Earthquake rupture in shallow, unconsolidated sediment

Tuesday, 16 December 2014: 8:45 AM
Rachael J Bullock1, Nicola De Paola1, Shmuel Marco2 and Robert Holdsworth3, (1)University of Durham, Durham, DH1, United Kingdom, (2)Tel Aviv University, Tel Aviv, Israel, (3)University of Durham, Durham, United Kingdom
Faults in shallow, unconsolidated sediment are often associated with aseismic creep, due to the velocity-strengthening behaviour of unconsolidated materials observed during lab experiments. They are expected to appear as broad zones of distributed deformation. However, large seismic ruptures can still propagate to the surface through shallow sediment, causing vast damage and destructive tsunamis. Our understanding of how seismic rupturing of shallow faults in unconsolidated sediment occurs in nature is limited due to the lack of direct observations constraining their structure, deformation patterns and mechanisms, and frictional behaviour.

We studied syn-depositional normal faults, which deform unconsolidated, saturated lake sediments of the palaeo-Dead Sea. The sediments belong to the Lisan Formation (~70-18 Ka) and comprise alternating 1-3 mm thick laminae of aragonite and ultrafine-grained detritus. The faults formed at the surface, the only overburden being the overlying water column, and are known to have hosted seismic slip during large events (M ≥ 6), due to their association with seismites. The faults are discrete, localized structures, which sharply truncate laminae in the host sediment. Slip surfaces are sharp and straight and accompanied by a narrow slip zone, up to 1 cm wide, but often ≤ 1 mm wide, containing ultrafine-grained gouge.
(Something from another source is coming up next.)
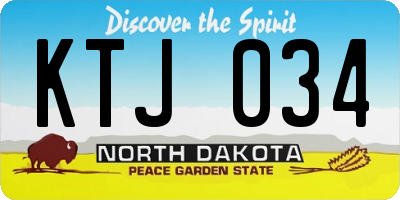 ND license plate KTJ034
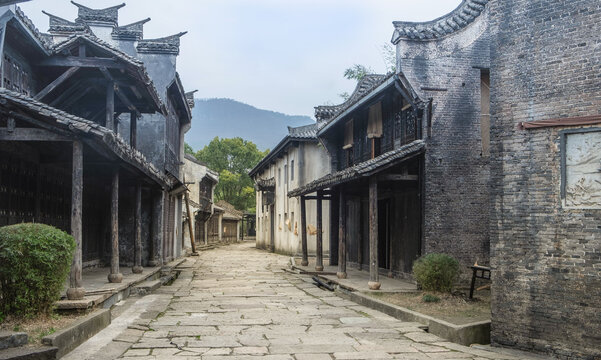 The traditional ancient village chinese screen in the hengdian studio is largest studio in the world. The screen for shooting movie for film industry.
The majority of slip, up to 3 m, is concentrated in these slip zones. Faults can be categorised as having either simple geometry (one continuous fault strand accommodates all the displacement) or complex geometry (two or more fault segments share the overall displacement). Slip profiles constructed for simple geometry faults all have similar shapes, regardless of maximum displacement, whereas those for complex geometry faults are highly variable, due to segment interaction. It is apparent from the slip profiles that these faults grow and interact in the same way as ‘brittle’ faults in cohesive rocks.

We will present results of microstructural analyses of the fault rocks, to constrain the deformation mechanisms occurring during seismic slip in unconsolidated sediment. We will also present results of low- and high-velocity friction experiments, which will constrain the conditions under which brittle deformation and seismic slip occur in these materials.